Anthology Film Archives

MAY 27-JUNE 2

Please scroll all the way down to see all of the offerings we have this week!

• Live screening!: On Thursday, May 28, Anthology collaborates with Screen Slate to present a live online screening of a brand-new work by Ken Jacobs, MOVIE THAT INVITES PAUSING (2020, 24 min, digital), in its online premiere (taking place just three days after Ken’s 87th birthday)! This screening is part of Screen Slate’s new online streaming series Stream Slate, organized in partnership with different artists, venues, and archives. For the event on May 28, Ken Jacobs will participate live, for a Q&A following the screening of the new work, moderated by Anthology’s Archivist, John Klacsmann. Watch at 8:00PM EST at twitch.tv/screenslate.

Ken Jacobs
MOVIE THAT INVITES PAUSING (2020, 24 min, digital)
“Influenced by avantgarde artist-refugees from Europe, non-representational art dominated the art market after WW2 and pictorial comment on social conditions, popular before the war and still vital in some of Picasso’s work, went out of fashion. For the owners threatened by the appeal of socialism, it had become time to change the subject to pure aesthetics: “Rockefeller’s Paintings” one MoMA show advertised. In a society that allows both non-religious and multi-religious thinking and where opposing beliefs can neutralize each other, an openness to new thinking is possible and a great development in the art did take place.

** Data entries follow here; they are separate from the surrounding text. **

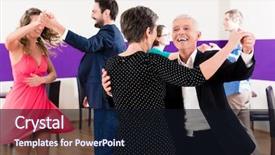  Presentation with class - Cool new presentation design with people dancing in dance backdrop and a wine colored foreground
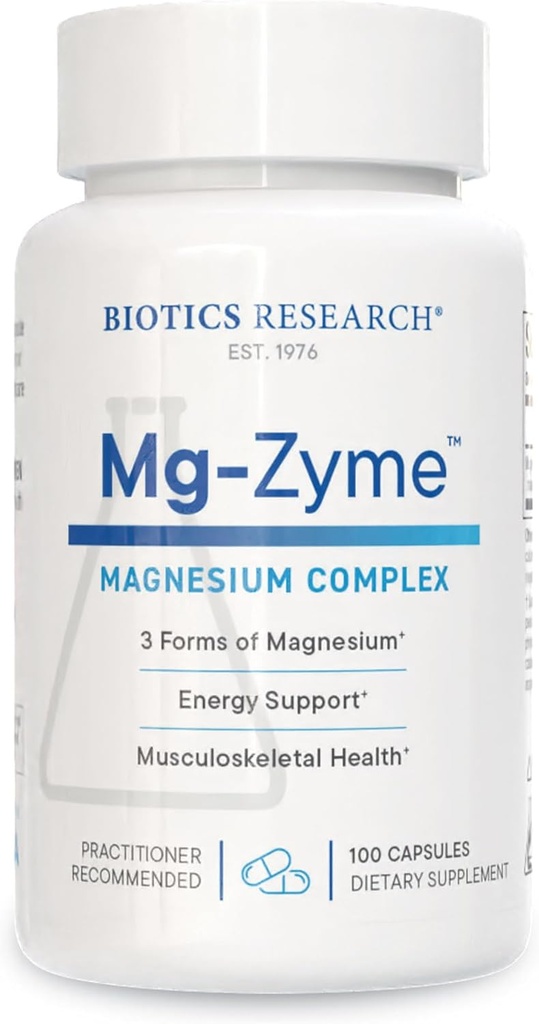 Biotics Research Mg-ZymeTM Triple Magnesium Complex 100 mg - Magneesium Glycinate, Gluconate, Aspartate Kelate Supplement, High Absorption, Support Sleep, Energy, Cardiovascular Health - 100 kapslit
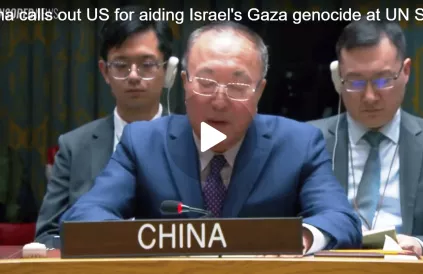 De Chinese ambassadeur Zhang Jun in de Veiligheidsraad van de VN. Foto: printscreen Decensored.News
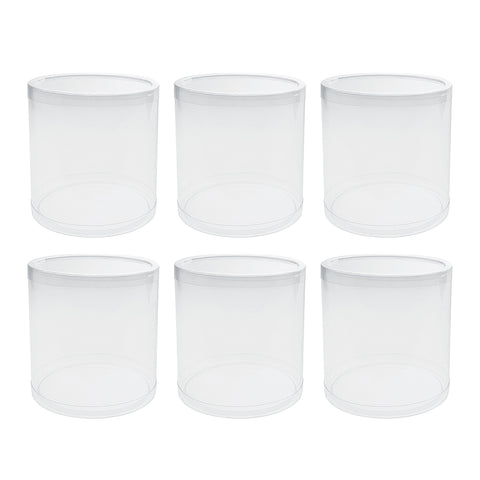 PVC Cylinder Container, 4-Inch x 4-Inch, 6-Count - Clear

I came in after the ascendancy of so-called non-objective painting and joined those exploring imaginary developments in imaginary depth by pigments undisguised as anything other than flat color areas. Viewers offered open minds, picking up on pointed suggestion and discovering the heady adventure of engagement with ambiguity. MOVIE THAT INVITES PAUSING is just such a work in the realm of cinema. It offers no particular path to follow and running time is tentative; for repeat viewings it has none. It becomes a non-objective painting-of-sorts hung in space and I am absolved – you getting this, Hans Hofmann? – for all these years of neglecting canvas for the screen.” –Ken Jacobs, April 2020

The new film will be preceded by a sequence of Jacobs’s recent looping GIF “Eternalisms”.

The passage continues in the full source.